• Task prompt
Print exactly the lines below between the line containing "304 Stainless Steel" and the line containing "iPhone 16e Wood", counting both of those lines. Leave pictures out.

• Data for review
== Segment start ==
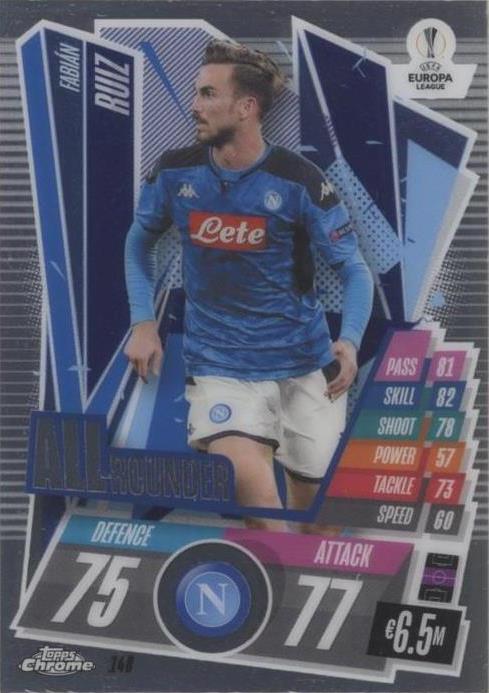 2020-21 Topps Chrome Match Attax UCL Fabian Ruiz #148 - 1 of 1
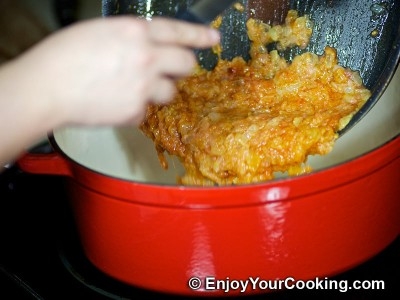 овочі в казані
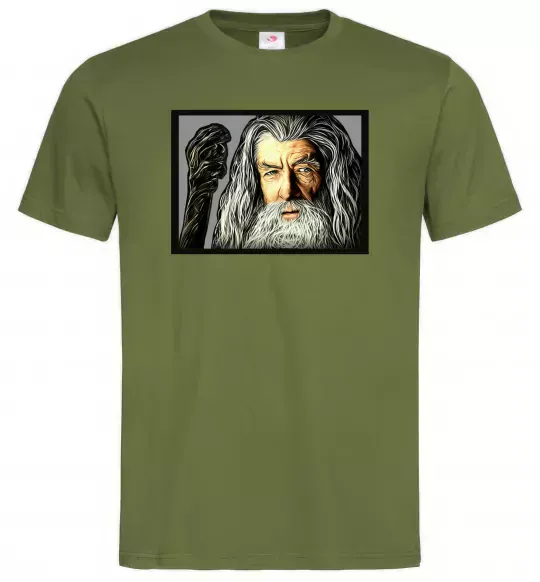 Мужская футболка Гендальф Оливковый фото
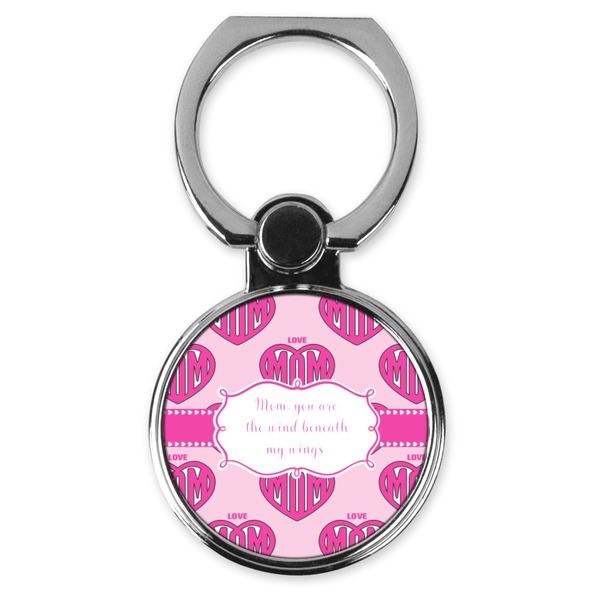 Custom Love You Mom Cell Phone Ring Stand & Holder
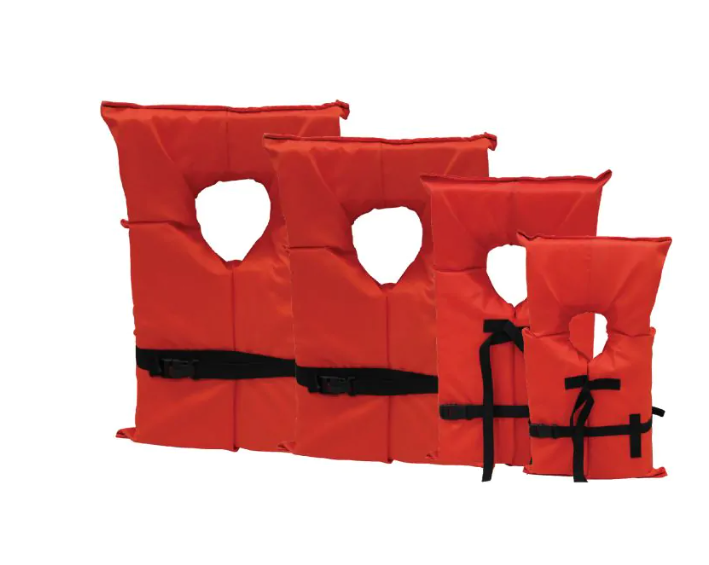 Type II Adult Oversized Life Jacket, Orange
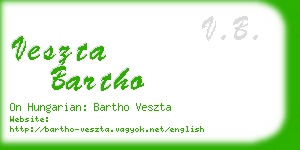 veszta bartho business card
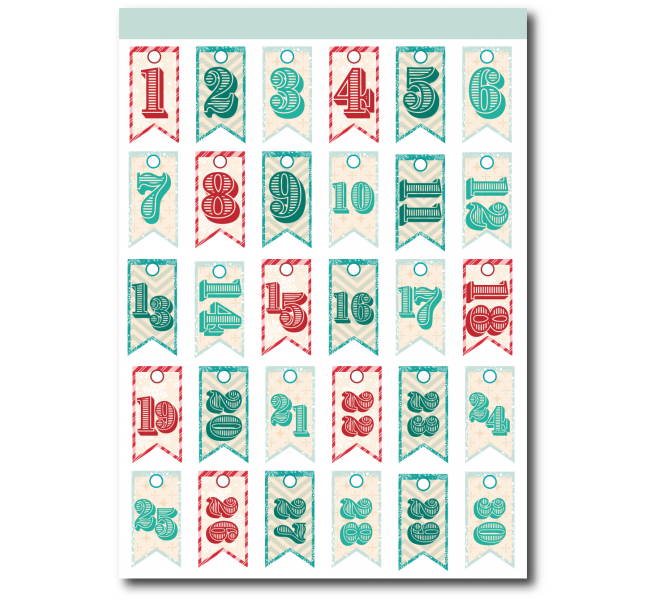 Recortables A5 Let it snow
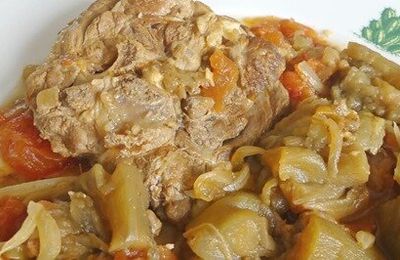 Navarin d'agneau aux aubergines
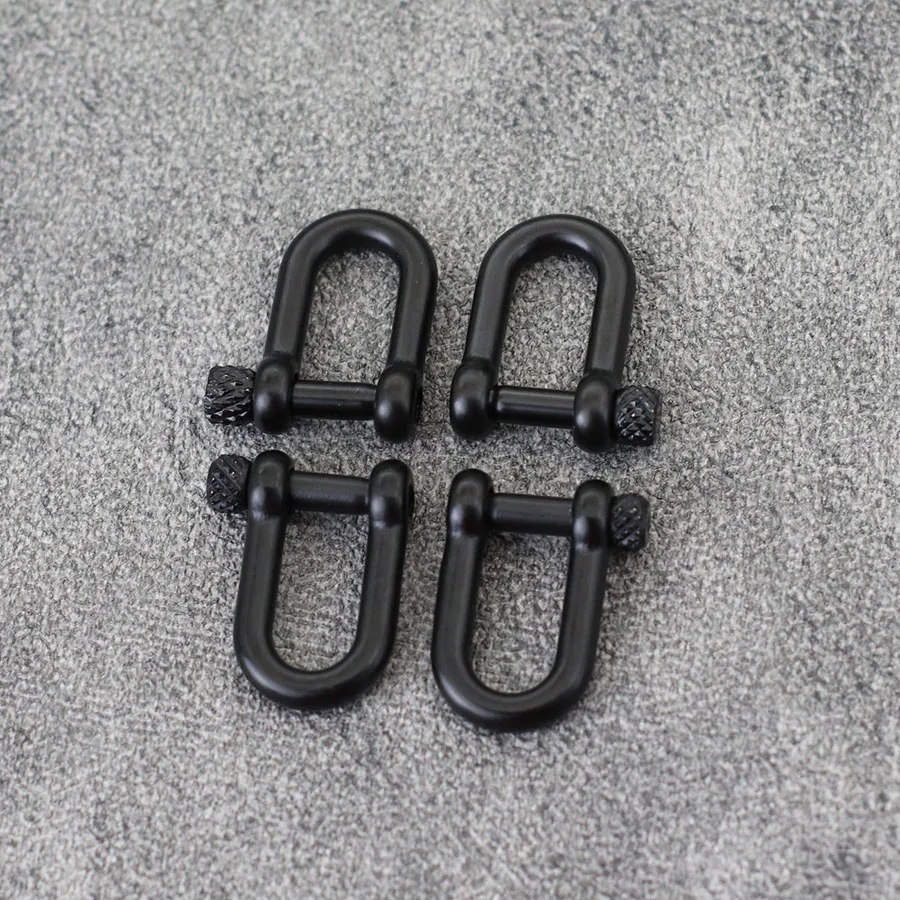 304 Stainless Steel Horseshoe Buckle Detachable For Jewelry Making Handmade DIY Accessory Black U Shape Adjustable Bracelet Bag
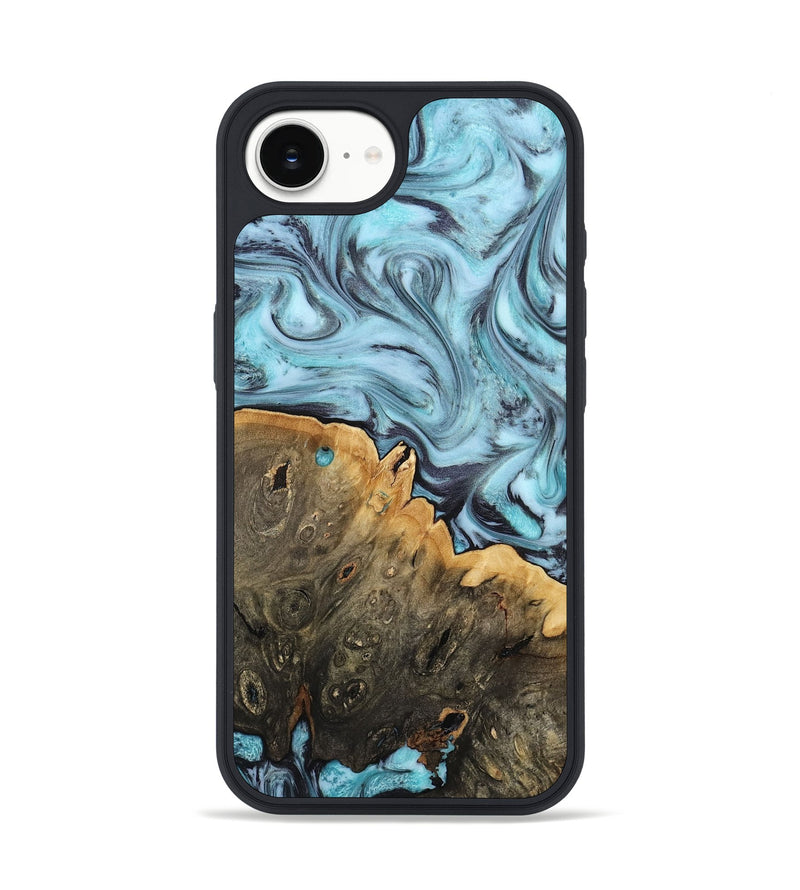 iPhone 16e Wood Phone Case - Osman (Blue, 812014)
== Segment end ==
== Segment start ==
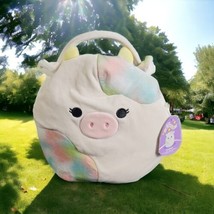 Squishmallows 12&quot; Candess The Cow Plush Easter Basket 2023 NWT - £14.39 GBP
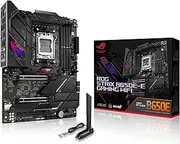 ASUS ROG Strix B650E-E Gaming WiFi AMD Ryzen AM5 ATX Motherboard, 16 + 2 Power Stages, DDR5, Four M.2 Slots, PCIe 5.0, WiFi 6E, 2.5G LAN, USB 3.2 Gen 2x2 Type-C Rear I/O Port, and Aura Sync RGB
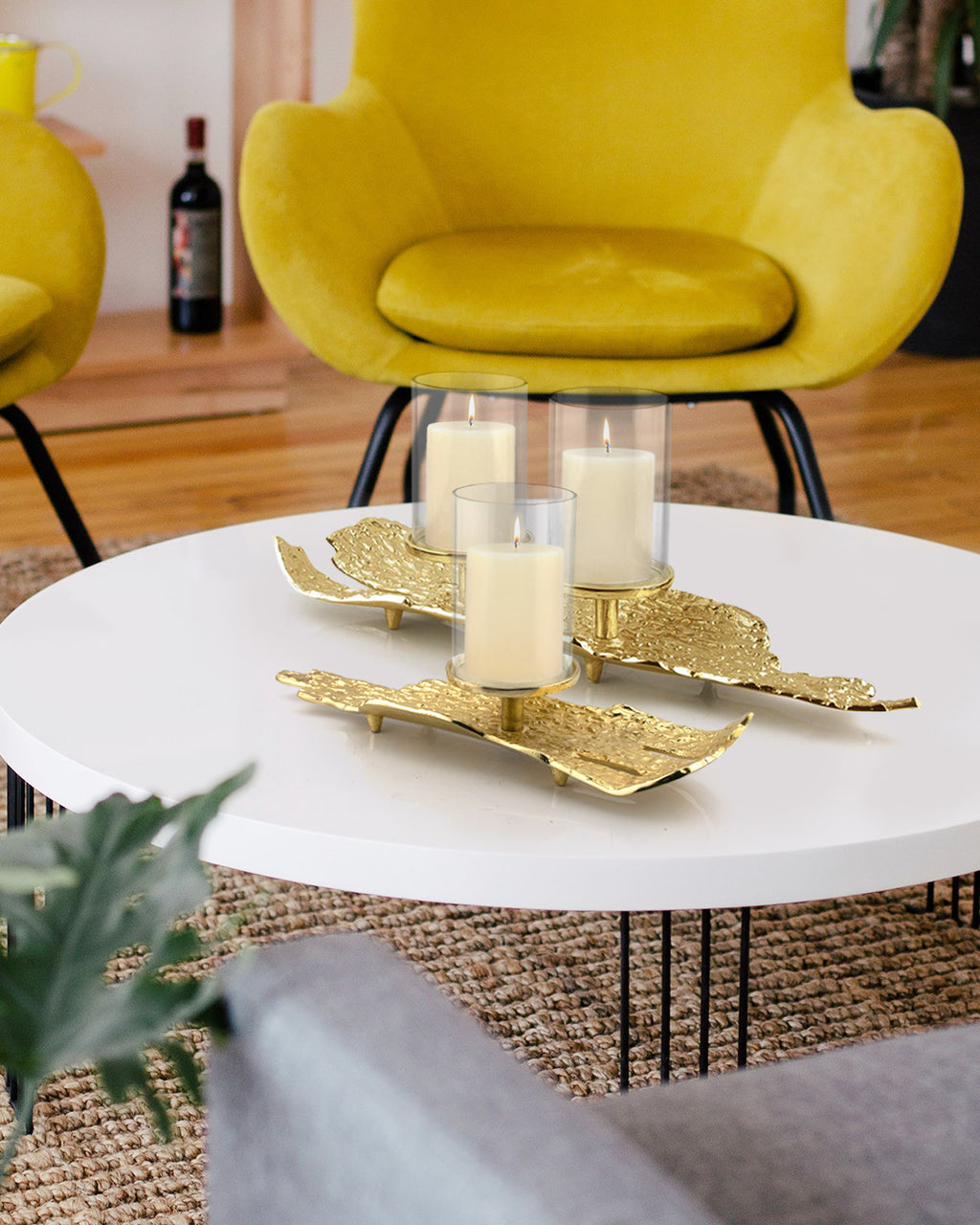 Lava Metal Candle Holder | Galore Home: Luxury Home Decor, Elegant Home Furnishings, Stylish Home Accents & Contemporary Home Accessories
== Segment end ==
== Segment start ==
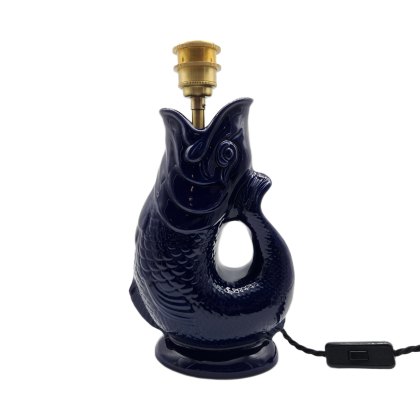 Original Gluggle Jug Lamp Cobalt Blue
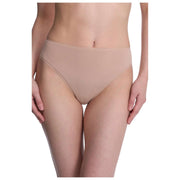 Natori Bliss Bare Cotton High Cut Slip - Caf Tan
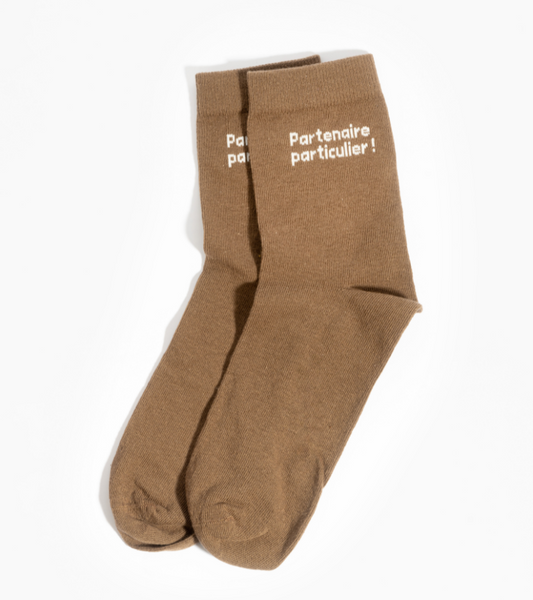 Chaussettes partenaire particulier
== Segment end ==
• Answer section
 304 Stainless Steel Horseshoe Buckle Detachable For Jewelry Making Handmade DIY Accessory Black U Shape Adjustable Bracelet Bag
 iPhone 16e Wood Phone Case - Osman (Blue, 812014)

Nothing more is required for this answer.